モン族(ミャンマー)
ミャンマー南部のモン州を中心に、タイとの国境にかけて住む少数民族で、人口はおよそ120万人。映画・小説『ビルマの竪琴』はモン州が舞台になっている。日本では高田馬場や大塚、駒込、池袋など都内のほか日本各地に暮らす。留学生や技能実習生が多い。
モン族料理においていちばん大事なもの
ミャンマーで最も多いのは人口の6割ほどを占めるビルマ族だが、彼らの食べている料理の香りは、ティンさんいわく「インドに近いと思う。カレーに使うマサラ(ミックススパイス)あるでしょう。あの香りかな」とのこと。
それならモン族の料理の香りはどんな感じ?
「にんにくと唐辛子、それと、これですよね」
厨房から出してきてくれたのは、なにやら茶色いペースト状のもの。これ、マリアンプラムというマンゴーの一種で、実の部分を発酵させてあるのだとか。ほのかにさわやかな柑橘系の香りだ。このペーストを調味料として幅広く使うのがモン族料理の特徴なのだとか。
「これがないとモン族の味にはならないんです、いちばん大事」
末弟のラ・ミン・カンさんも言う。フルーツ由来の酸味や香りを大切にする文化は、この連載でも以前紹介したやはりミャンマーの少数民族ラカインにもどこか通じるものを感じる。モンもラカインも、料理としては西のインドというより東のタイに近しいものがあるようだが、どちらも文化の境界に生きる人々であり、ミャンマーという国の多様性を思う。
民主化運動と高田馬場の関係とは
ここ新宿区・高田馬場は「リトル・ヤンゴン」と呼ばれていることで知られているが、もともとミャンマー人たちが集住していたのは西武新宿線でふた駅となりの中井だった。1980年代のことだ。日本には少数ながら出稼ぎや就学目的のミャンマー人が住んでいたが、その頃は外国人に部屋を貸してくれる不動産屋がほとんどなかった時代。ところが中井には、住むところに困っていたミャンマー人の面倒を見る日本人がいたのだそうだ。所有するいくつかのアパートを貸してくれるだけでなく、なんやかやと世話を焼いてくれたといわれる。
そのアパートのまわりにミャンマー人がコミュニティーをつくっていったのだが、大きな変化が母国で起きる。1988年、大規模な民主化運動が始まるのだ。しかし軍はこれを弾圧。さらに軍事政権が成立したことで、迫害を恐れた人々が故郷から脱出、隣国タイをはじめ世界各地に散っていった。
彼らの中には日本を選んだ人もいて、中井の「リトル・ヤンゴン」に合流していったのだが、コミュニティーが大きくなるにつれ集住地は高田馬場に移っていった。
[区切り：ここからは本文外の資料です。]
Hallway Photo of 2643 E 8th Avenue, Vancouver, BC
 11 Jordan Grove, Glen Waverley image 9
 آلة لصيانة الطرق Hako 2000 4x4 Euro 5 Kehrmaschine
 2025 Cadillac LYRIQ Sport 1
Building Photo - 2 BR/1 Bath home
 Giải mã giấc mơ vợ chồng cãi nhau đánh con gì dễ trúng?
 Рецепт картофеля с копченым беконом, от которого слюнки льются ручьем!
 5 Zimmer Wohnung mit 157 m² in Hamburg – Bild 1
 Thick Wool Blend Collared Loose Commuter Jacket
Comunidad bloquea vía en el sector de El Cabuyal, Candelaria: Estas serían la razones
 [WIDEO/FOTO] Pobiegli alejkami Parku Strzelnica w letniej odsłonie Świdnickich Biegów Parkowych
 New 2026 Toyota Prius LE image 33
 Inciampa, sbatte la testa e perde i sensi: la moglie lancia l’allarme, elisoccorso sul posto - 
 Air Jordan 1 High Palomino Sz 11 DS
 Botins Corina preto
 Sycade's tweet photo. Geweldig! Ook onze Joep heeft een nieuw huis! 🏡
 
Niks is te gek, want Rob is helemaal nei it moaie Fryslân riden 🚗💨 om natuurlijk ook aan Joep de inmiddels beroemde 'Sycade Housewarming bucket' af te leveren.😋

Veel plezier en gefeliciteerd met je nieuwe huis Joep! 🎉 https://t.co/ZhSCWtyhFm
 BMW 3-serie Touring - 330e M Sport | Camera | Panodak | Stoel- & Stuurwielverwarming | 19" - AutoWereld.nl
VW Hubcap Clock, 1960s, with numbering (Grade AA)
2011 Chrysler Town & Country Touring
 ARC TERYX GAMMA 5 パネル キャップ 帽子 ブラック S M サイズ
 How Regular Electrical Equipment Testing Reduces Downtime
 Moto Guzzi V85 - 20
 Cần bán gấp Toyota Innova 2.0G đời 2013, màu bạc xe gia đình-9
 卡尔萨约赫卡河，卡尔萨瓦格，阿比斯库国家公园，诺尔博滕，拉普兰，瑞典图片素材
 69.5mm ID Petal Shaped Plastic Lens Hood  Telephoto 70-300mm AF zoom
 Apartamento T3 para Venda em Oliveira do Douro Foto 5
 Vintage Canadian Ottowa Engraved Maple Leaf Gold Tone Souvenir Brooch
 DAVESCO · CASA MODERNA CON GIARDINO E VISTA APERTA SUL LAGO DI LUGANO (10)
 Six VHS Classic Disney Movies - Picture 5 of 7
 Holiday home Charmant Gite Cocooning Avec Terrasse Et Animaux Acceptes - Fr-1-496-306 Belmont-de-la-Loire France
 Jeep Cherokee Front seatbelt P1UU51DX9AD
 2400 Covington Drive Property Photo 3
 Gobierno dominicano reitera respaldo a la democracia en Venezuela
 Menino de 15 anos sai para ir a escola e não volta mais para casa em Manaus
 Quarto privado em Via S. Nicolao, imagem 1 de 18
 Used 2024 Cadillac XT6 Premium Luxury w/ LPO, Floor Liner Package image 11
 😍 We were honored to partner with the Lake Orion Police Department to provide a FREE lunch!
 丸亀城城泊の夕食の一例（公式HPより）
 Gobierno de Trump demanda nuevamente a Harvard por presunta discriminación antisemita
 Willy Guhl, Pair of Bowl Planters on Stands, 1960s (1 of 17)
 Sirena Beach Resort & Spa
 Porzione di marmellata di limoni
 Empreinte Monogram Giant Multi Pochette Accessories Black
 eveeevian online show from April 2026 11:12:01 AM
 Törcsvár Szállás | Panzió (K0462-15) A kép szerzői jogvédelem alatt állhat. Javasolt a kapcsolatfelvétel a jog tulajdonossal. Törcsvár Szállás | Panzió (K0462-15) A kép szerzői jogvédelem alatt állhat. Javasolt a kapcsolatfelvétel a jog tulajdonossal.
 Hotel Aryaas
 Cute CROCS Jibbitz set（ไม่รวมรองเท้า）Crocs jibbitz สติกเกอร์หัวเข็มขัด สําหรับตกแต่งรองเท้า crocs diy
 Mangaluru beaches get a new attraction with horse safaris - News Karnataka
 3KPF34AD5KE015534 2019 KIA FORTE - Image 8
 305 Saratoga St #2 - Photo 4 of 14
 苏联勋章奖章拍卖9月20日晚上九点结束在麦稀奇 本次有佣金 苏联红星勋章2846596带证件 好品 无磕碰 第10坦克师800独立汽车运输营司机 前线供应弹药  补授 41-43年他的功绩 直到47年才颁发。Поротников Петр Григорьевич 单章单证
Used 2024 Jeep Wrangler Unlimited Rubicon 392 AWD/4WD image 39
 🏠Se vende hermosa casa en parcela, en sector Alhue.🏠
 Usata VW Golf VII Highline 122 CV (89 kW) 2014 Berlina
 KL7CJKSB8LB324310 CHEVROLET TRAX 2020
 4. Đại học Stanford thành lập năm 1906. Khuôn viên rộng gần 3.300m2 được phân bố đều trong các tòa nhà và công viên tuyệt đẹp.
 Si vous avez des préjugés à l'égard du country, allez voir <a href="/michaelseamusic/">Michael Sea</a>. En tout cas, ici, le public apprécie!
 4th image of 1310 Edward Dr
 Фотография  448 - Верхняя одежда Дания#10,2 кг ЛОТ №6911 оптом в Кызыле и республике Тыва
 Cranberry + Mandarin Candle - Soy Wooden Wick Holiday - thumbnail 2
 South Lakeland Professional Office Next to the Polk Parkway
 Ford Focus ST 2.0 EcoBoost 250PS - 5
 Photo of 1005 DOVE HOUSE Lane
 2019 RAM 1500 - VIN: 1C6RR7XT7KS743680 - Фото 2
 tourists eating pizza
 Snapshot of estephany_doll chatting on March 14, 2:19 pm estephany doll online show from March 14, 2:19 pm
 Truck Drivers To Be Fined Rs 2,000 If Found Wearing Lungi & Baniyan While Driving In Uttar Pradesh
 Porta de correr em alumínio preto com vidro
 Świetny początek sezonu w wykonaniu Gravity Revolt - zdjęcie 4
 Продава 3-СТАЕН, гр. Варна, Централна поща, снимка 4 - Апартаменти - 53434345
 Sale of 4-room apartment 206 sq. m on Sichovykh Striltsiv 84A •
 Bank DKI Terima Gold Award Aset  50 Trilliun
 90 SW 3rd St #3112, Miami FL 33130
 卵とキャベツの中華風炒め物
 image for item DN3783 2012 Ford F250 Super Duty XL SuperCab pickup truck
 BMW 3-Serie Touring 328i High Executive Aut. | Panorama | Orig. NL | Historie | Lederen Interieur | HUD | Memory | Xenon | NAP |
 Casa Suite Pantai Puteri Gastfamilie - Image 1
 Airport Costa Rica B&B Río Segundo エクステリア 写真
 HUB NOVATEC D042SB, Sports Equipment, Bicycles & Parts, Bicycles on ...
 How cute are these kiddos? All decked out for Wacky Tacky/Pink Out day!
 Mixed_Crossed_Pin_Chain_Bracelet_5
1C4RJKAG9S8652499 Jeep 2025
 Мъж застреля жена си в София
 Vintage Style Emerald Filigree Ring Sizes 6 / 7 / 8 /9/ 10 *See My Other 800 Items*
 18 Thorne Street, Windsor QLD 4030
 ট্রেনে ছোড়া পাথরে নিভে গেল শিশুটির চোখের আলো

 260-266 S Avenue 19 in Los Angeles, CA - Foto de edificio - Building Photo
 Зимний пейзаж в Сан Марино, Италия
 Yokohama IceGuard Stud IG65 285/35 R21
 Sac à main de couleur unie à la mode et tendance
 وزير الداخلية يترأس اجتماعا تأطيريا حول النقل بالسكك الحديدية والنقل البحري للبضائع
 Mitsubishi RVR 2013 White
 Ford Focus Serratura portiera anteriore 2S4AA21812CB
山手線と地下鉄東西線もあって便利なこと、巨大都市・新宿に近く仕事がたくさんあったことなどが理由だったといわれる。
やがて時代は移り変わり、ミャンマーも民主化が進んでいく。国民が海外と行き来しやすくなり、国を追われた人々ではなく、留学生や技能実習生など日本に夢を見る若者が高田馬場にも増えていく。『ヤマニャ』がオープンしたのもそんな時期、2014年のことだ。ビルマ族だけでなく、さまざまな少数民族が「リトル・ヤンゴン」に暮らすようになったことを反映しているのだろう。
この街にはほかにシャン族のレストランもあるし(昔はカチン族料理の店もあった)、同じミャンマーといってもさまざまな食文化を楽しめる。だから、たとえばミャンマーのどこでも食べられるソウルフード・モヒンガーも『ヤマニャ』ではモン族風の味つけだ。ナマズで出汁を取ったスープに米麺を合わせた料理だが、「ビルマのは濃い味つけでドロッとしてますが、モンのモヒンガーはもっと薄味なんですよ」とティンさん。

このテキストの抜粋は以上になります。